On Sept. 8, 2016, Budinick’s 230-seat restaurant and bar opened for business, giving the small town of Edmonds a much-needed place to land. People came in droves, celebrities, locals, tourists, curiosity-seekers, those fishermen in their docksiders. 190 Sunset grew into a community hub in a hurry, an extension of Budinick’s home, welcoming, entertaining, fun — a place nobody wanted to leave.
“This is where you’d meet an old friend for a cocktail or close a business deal, celebrate a milestone,” describes Budinick, who came from a long line of Seattle fishmongers. “It starts with a cocktail. Maybe you have something to eat, maybe you don’t. Maybe come back for dinner, maybe you stay, maybe you just come in for dessert after a show at the ECA. There’s something for everybody.”
His entire family pitches in. Wife Lisa helps manage the restaurant (she inspired the recent menu change toward more shareable bites), daughter Lilli hostesses, and son Drake busses tables.
“We recently gravitated towards a largely shared plate menu. That’s the way my wife will eat. Sit down, have a cocktail, and just graze,” Budinick adds.

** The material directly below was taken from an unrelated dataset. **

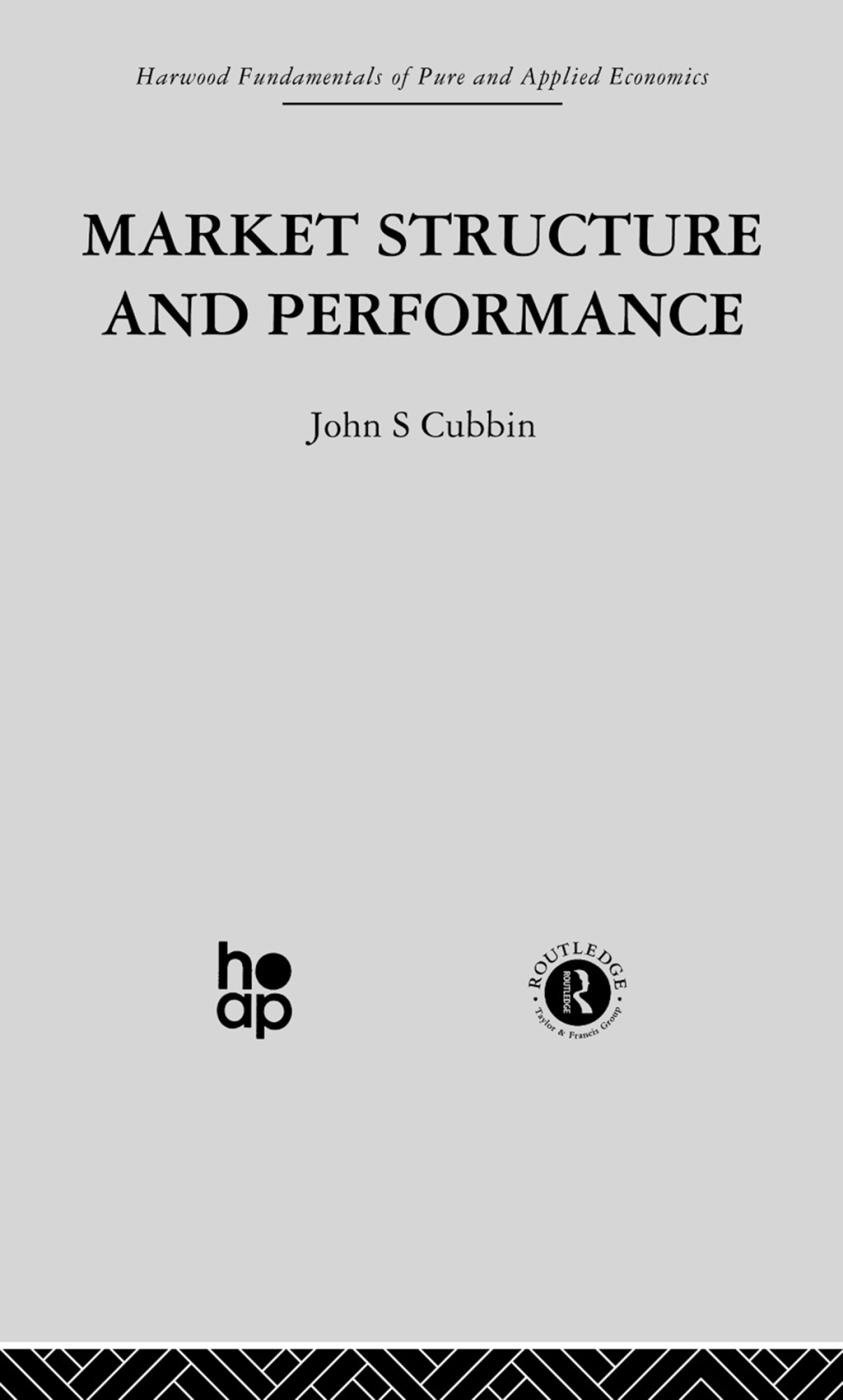 Market Structure and Performance The Empirical Research 1st Edition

With Sounder transit, ferry traffic, nearby parks and Puget Sound, and downtown just up the street, the area was ripe for the kind of social club he wanted. “That’s what attracted me here,” the restaurateur says. “The train station is literally right behind our building. People park right there, in that parking lot. So they start their day commuting. To get down to your boat, you gotta pass right by my restaurant…and then the ferry, four million cars pass right in front of our restaurant a year to get on that ferry.”
Soon after the opening, the media came calling, always a good sign. Eater, Evening Magazine, Seattle Times, Seattle Magazine…very good signs. Zagat singled out the restaurant’s fall opening as one of the 10 most anticipated. Star mixologist Niles Peacock’s high-octane performances — part-showman, part-scientist — received top votes for “Best Bartender” in 2017 from K5 Best of Western Washington. In March of that year, the restaurant won the “OpenTable Diners’ Choice Award.”
Executive chef Skyler Gemar sustains Budinick’s high standards, serving locally sourced, seasonal Northwest cuisine, including the popular “Nana’s Fried Chicken” on Sunday, freshly caught seafood, and shareable, grazing plates — “food for every mood… at various price points” — as well as a fine selection of craft cocktails, specialty drinks (try “The Girl Next Door,” inspired by Kim Karrick’s Scratch Distillery’s barrel-finished gin), spirits, and wines.
Add an exhibition-style kitchen, a 21-seat, illuminated high-tech bar, the biggest deck in town with firepits going all year, Santa Brunches, Toast of Edmonds, and other events — and you have a restaurant worthy of the hype.
“We do this Toast of Edmonds Cocktail Classic, where we get all the bartenders in town here and it’s a blowout,” Budinick says. “Bartenders compete for best cocktail of the year, for a charity function. This will be our third one coming up.” The Toast of Edmonds is one of the biggest events in February, with celebrity judges from Seattle — news anchors, on-air personalities, community leaders — voting on best craft cocktail. The general public also votes in the crowd favorite category.
This past summer, the 190 Sunset president/founder expanded his restaurant space to make room for a private, upscale dining room, seating 80. The new dining room’s where Brigid’s Bottle Shop used to be (they’ve relocated next to the museum). It’s closed off from the main dining area, quieter, featuring a glass-enclosed wine cellar for 24 guests, a piano bar, and leather booths.
Budinick started working in the restaurant industry very young, back when he was 14, 15, with Ward Enterprises (13 Coins, El Gaucho). After 10 years, he moved on to Restaurants Unlimited, a group that runs many dining establishments nationally, including Cutters Crabhouse, Palomino, and Palisade. He also oversaw a chain of Auntie Anne’s Soft Pretzel franchises in the Midwest before settling back in Edmonds in 2010.